AXA Insurance Investigation - Press Release

BREAKING INVESTIGATION

Investigation Reveals AXA Insurance Relied on Unqualified Assessors, Ignored Professional Standards, and Maintained a 15-Month Pattern of Evasion

New evidence suggests systemic claim undervaluation, regulatory breaches, and potential industry-wide malpractice affecting thousands of UK policyholders

Location
Buckhurst Hill, Essex
Displacement
23 Months
Date
14 November 2025

BUCKHURST HILL, ESSEX, 14 November 2025 — A 23-month investigation into AXA Insurance's handling of a large home-damage claim has uncovered compelling evidence suggesting the insurer used unqualified cost assessors, issued assessments that are statistically impossible, and engaged in a 15-month pattern of evasion when questioned about their assessor's professional credentials.

The case, involving Buckhurst Hill homeowner Anish Verma, highlights failures that align with what consumer advocates, the BBC, Which? and the Financial Ombudsman Service have recently described as a "broken" insurance market, one marked by delays, reversals, under-valuations, and systematic non-compliance with industry standards.

The Verma family have now been displaced from their home for 23 months and remain without resolution.

Catastrophic Leak, Initial Liability Admission, Followed by a Reversal and Delays

The Verma family home suffered extensive water-damage, leaving the property uninhabitable. AXA initially accepted liability and issued early payments, only to later reverse position, dispute professionally-prepared cost assessments, and rely instead on a valuation produced by Crawford & Company, AXA's appointed assessor.

However, a full review of Crawford's qualifications revealed a serious problem:

Crawford & Company is not qualified to perform cost assessments under RICS standards.

This is confirmed by:

  • Crawford's own website, which offers no cost assessment or quantity surveying services
  • The RICS Directory, which lists no Chartered Quantity Surveyors under Crawford for this function
  • RICS professional standards, which require qualified Chartered Quantity Surveyors for cost-assessment work

A Mathematical Impossibility: Only 0.01% Probability AXA's Assessment Is Correct

Two independent, fully RICS-qualified surveyors assessed the damage at ~£300,000, while AXA's unqualified assessor provided a figure of £91,600.

This £208,400 gap represents a valuation that is not just unreasonable, it is statistically impossible.

Independent Statistical Modelling Demonstrates:

  • AXA's figure of £91,600 is 6.95 standard deviations below the expected professional range
  • Professional assessments for a £300,000 project normally vary within ±10–15%, not 227%
  • This equates to a 0.01% probability of AXA's figure being correct

In plain terms:

"If 10,000 qualified professionals assessed this damage, 9,999 would arrive near £300,000. Only one would arrive near AXA's £91,600 figure."

This statistical impossibility strongly suggests either systematic error or deliberate undervaluation, not legitimate professional disagreement.
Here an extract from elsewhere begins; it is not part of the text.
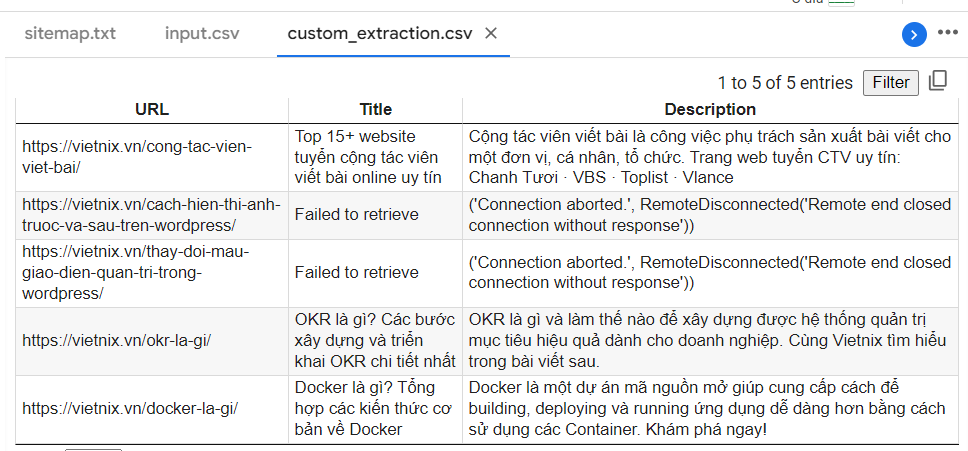 Danh sách title và description sau khi chương trình được chạy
AXA's 15-Month Pattern of Evasion: Three Requests, Zero Answers

One of the most serious findings is AXA's repeated refusal, over 15 months, to confirm the qualifications of its chosen assessor.

Timeline of Evasion

Summer 2024
AXA is first asked if Crawford is properly qualified.
AXA avoids the question.
10 Sept 2025
Solicitors formally request confirmation of qualifications.
AXA does not respond.
25 Oct 2025
Solicitors ask again.
AXA remains silent.

AXA has now maintained 9+ weeks of complete silence, after evading the same question for more than a year.

Why this matters:

If Crawford were properly qualified, AXA could answer in five minutes by providing:

  • a RICS membership number, or
  • a Chartered Quantity Surveyor certificate

Their refusal to answer three repeated requests across 15 months, including those made formally by solicitors, is described by legal experts as a strong indicator of "consciousness of guilt."

Mr Verma summarises:

"AXA has now avoided answering this basic question three times over fifteen months. When we first asked in summer 2024, they avoided the question. When my solicitors requested confirmation on 10 September 2025, they went silent. When we asked again on 25 October 2025, the silence continued. It's now been nine weeks with no response. Their pattern of evasion makes it abundantly clear: they know Crawford isn't qualified, and they cannot defend using them."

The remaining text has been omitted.